In January it was time to return to Milan. It was a custom of the Milanese Church, in fact, to make known, on the day of the Epiphany, the date of Easter and to publish the names of those who were to receive baptism that night. Augustine registered himself among the postulants. Then, on the night of Holy Saturday between the 24th and 25th of April 387, in the octagonal font adjacent to the apse of the basilica of Santa Tecla (the remains of the font were uncovered during excavations for the Milan subway), Augustine received baptism from Ambrose: «I was baptized and all anxiety for my past life disappeared from me». And tradition says that the person who dressed him in the white infula, performing the role of the modern godfather, was the patient Simplicianus. In the two fifteenth-century paintings in the exhibition the scene is reconstructed with precision: there one sees Augustine in the font, Adeodatus and Alipius ready to be baptized immediately after him, and his mother Monica who had silently accompanied him to this step. There is none of the emotive emphasis that, in the 17th century, Cerano was instead to put into his large canvas now dominating the apse of the Basilica of San Marco, again in Milan (not to be missed on the tour of Augustine’s Milan).

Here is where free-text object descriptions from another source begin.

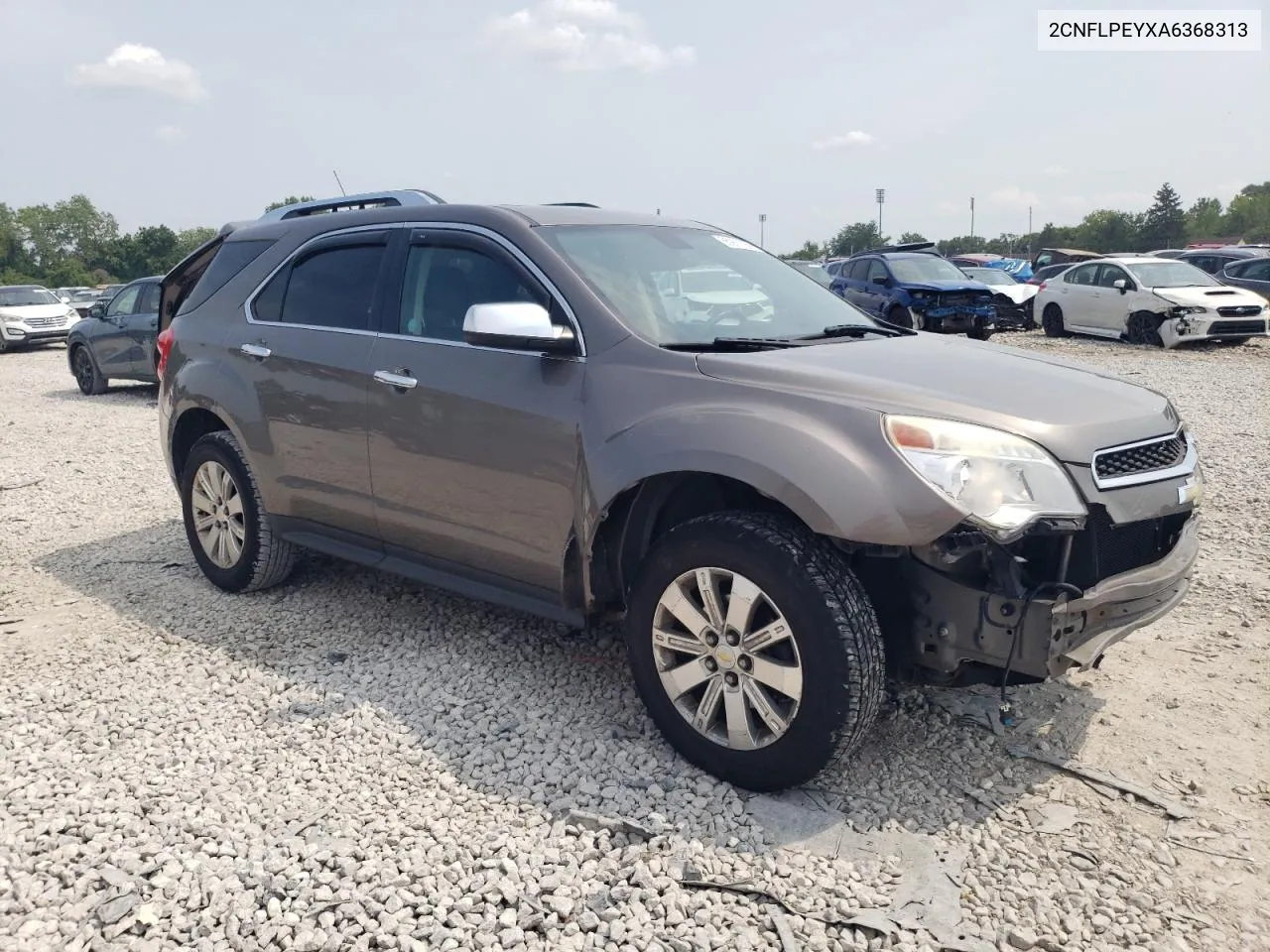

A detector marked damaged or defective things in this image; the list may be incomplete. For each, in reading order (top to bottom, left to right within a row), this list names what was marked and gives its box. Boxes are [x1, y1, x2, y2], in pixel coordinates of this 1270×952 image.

exposed front end damage [914, 289, 1000, 332]
damaged white car [1036, 259, 1264, 347]
exposed front end damage [883, 431, 1199, 685]
damaged front bumper [909, 518, 1194, 680]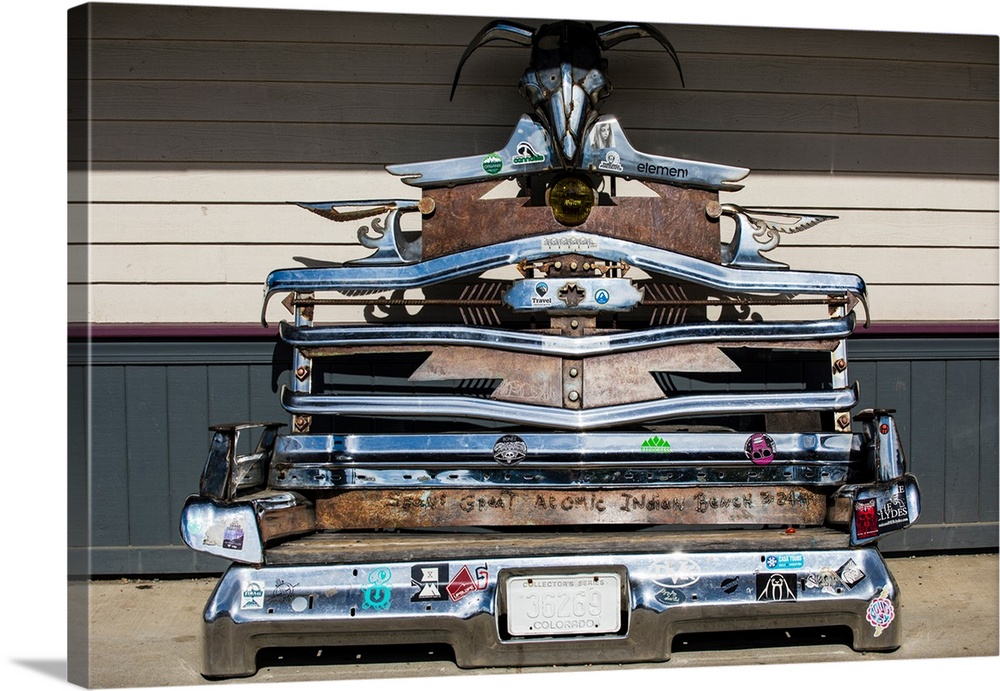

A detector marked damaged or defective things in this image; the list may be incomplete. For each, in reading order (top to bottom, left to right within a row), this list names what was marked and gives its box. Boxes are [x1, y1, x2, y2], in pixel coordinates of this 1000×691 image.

weathered rusted steel sheet [420, 181, 720, 262]
rusty metal panel [420, 181, 720, 262]
weathered rusted steel sheet [316, 486, 824, 528]
rusty metal panel [316, 486, 824, 528]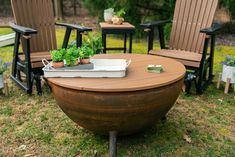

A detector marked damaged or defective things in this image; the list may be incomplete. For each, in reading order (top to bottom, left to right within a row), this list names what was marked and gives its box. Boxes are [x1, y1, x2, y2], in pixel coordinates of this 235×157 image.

table on rusty cauldron [47, 53, 185, 156]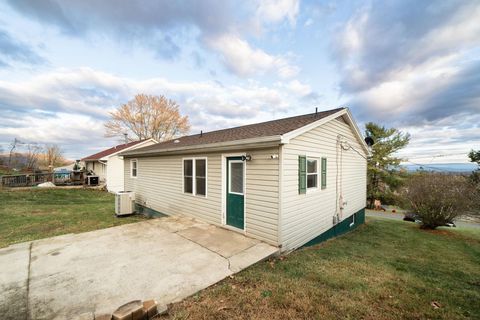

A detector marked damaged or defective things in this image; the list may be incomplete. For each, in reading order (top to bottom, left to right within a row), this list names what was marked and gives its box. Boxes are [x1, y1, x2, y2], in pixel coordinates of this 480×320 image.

cracked concrete [0, 216, 280, 318]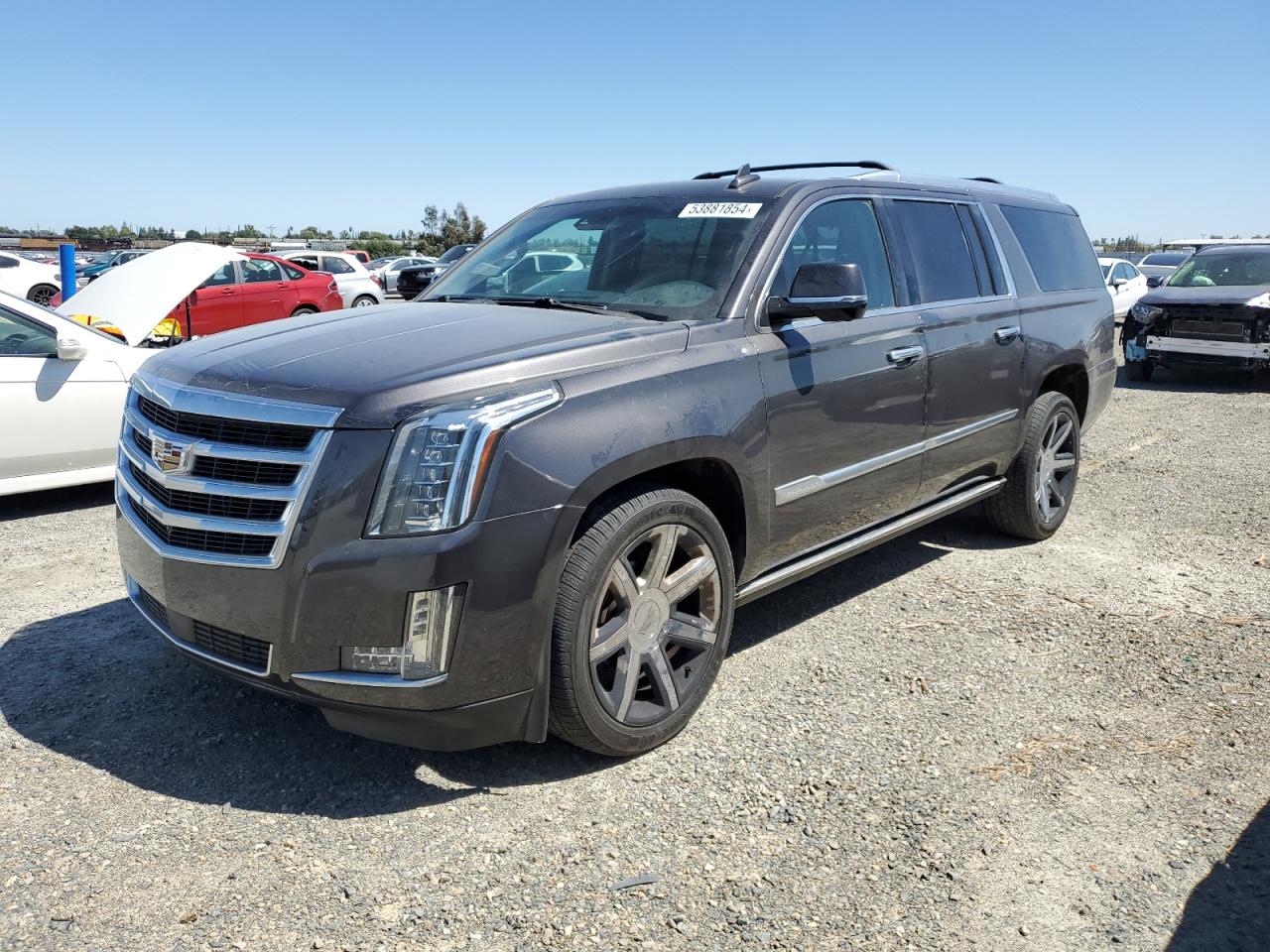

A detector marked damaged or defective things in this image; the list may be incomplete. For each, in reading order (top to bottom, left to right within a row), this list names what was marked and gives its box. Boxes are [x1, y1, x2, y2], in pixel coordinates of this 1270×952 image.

damaged white vehicle [0, 242, 239, 495]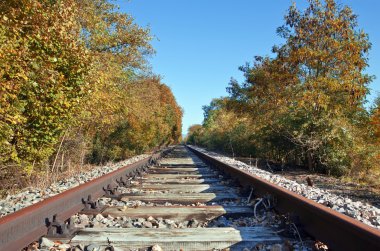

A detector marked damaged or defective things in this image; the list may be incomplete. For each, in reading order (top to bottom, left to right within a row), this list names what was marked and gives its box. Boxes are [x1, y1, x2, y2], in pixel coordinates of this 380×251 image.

rusty rail [0, 149, 169, 251]
rusty rail [189, 145, 380, 251]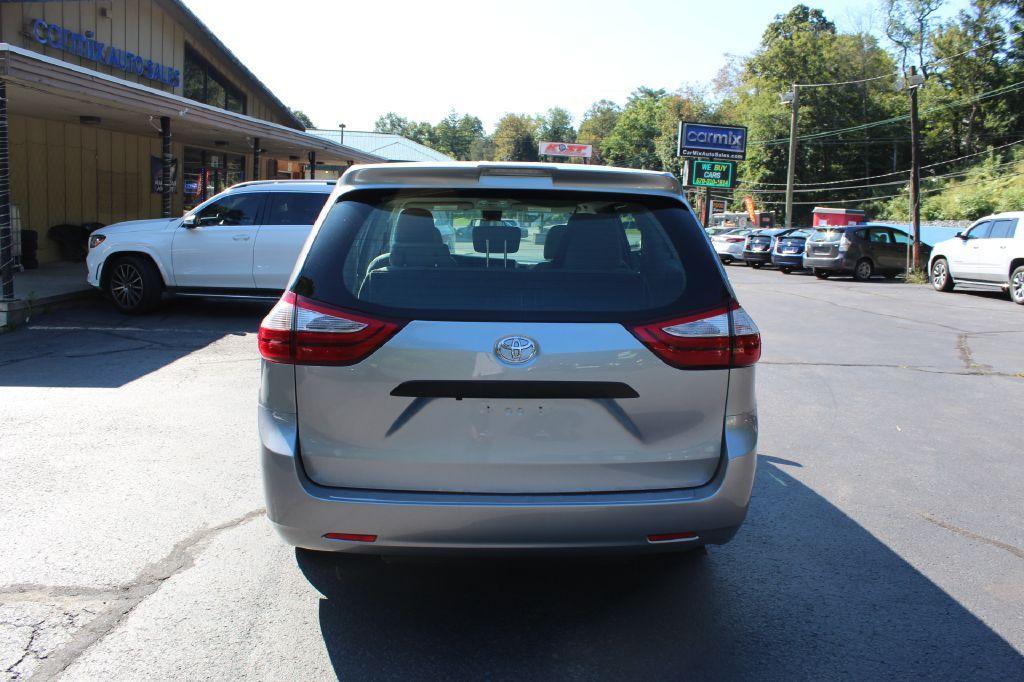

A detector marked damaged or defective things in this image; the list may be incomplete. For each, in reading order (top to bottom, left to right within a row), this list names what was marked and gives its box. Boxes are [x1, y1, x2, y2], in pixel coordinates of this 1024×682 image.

pavement crack [28, 507, 268, 675]
pavement crack [921, 509, 1024, 557]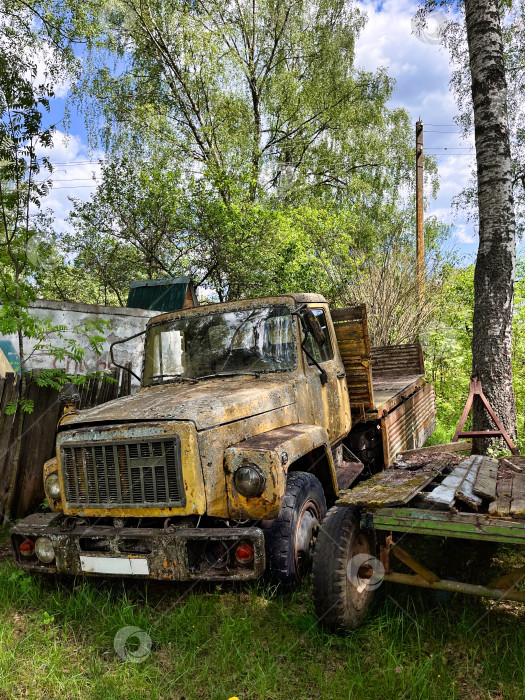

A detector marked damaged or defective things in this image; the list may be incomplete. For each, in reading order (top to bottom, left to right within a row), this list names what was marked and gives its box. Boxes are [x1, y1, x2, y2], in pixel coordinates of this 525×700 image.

cracked windshield [143, 306, 296, 382]
rusty grille [60, 438, 184, 508]
old rusty truck [11, 296, 434, 584]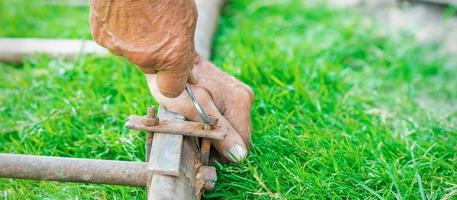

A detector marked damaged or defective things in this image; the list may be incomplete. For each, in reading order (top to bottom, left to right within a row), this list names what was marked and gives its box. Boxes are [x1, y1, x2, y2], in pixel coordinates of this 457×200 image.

rusted bolt [143, 105, 159, 126]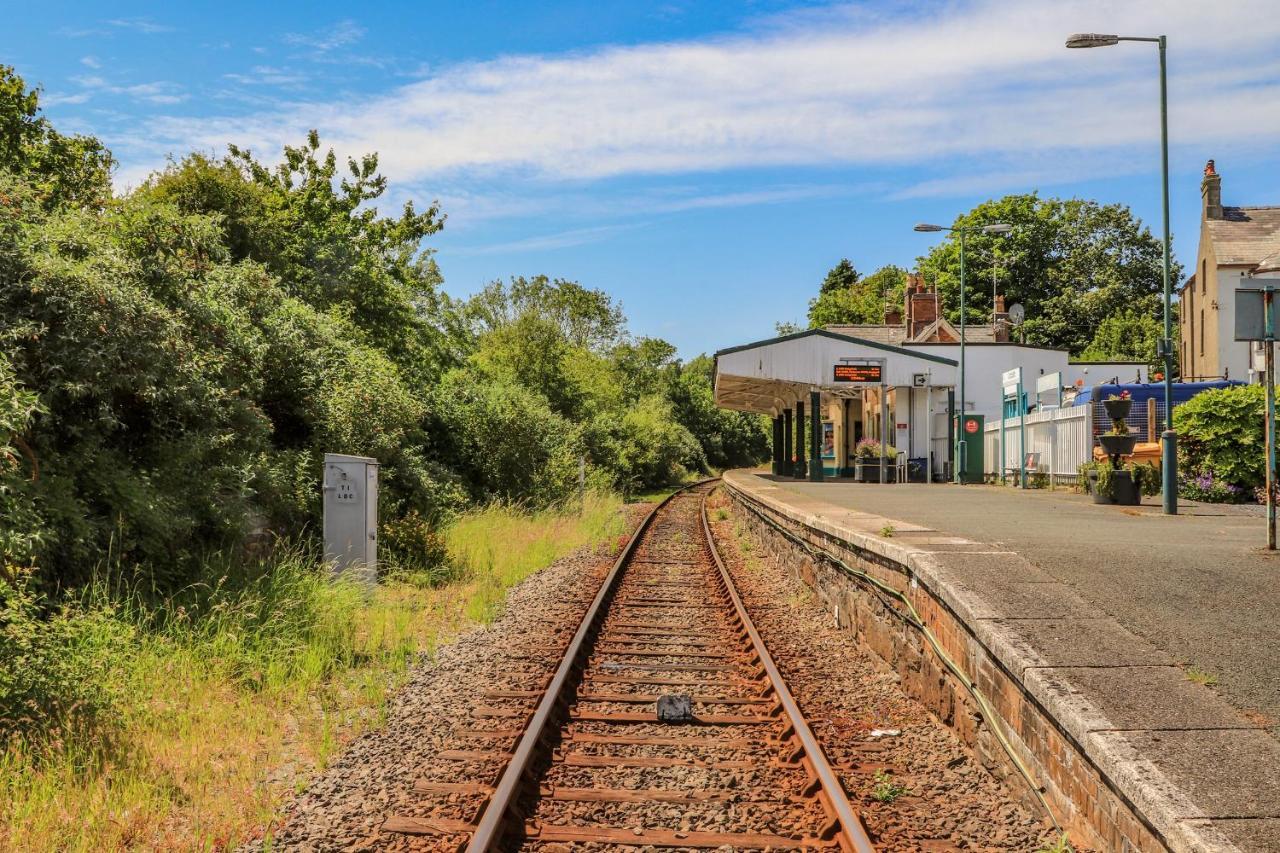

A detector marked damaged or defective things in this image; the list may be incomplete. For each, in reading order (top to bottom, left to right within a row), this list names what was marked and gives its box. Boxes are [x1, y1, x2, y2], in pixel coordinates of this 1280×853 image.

rusty railway track [384, 482, 876, 848]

The simple and concrete symptom of the turning-point was tears. In a very fine passage in the Confessions, Augustine speaks of his readings of Plato, of the lessons he learned from him. The reading of Plato’s books had been a conversion of the intelligence in the recognition that man’s happiness consists in union with the only Creator. «Et non flebam», concludes Augustine. «Yet I did not cry». Instead, Crivelli again explains, «after that Holy Saturday days of infinite sweetness began. Taking part in the liturgy moved him to tears. He cried not because he was in distress, but because he could finally breathe».
The devoted and moving memory of Ambrose was to accompany Augustine all his life. Even in his last work against the Pelagian heresy, the unfinished Against Julian, he wrote: «My teacher is Ambrose, whose books not only have I read, but to whose words I have also listened in person and from whom I received the waters that regenerated me».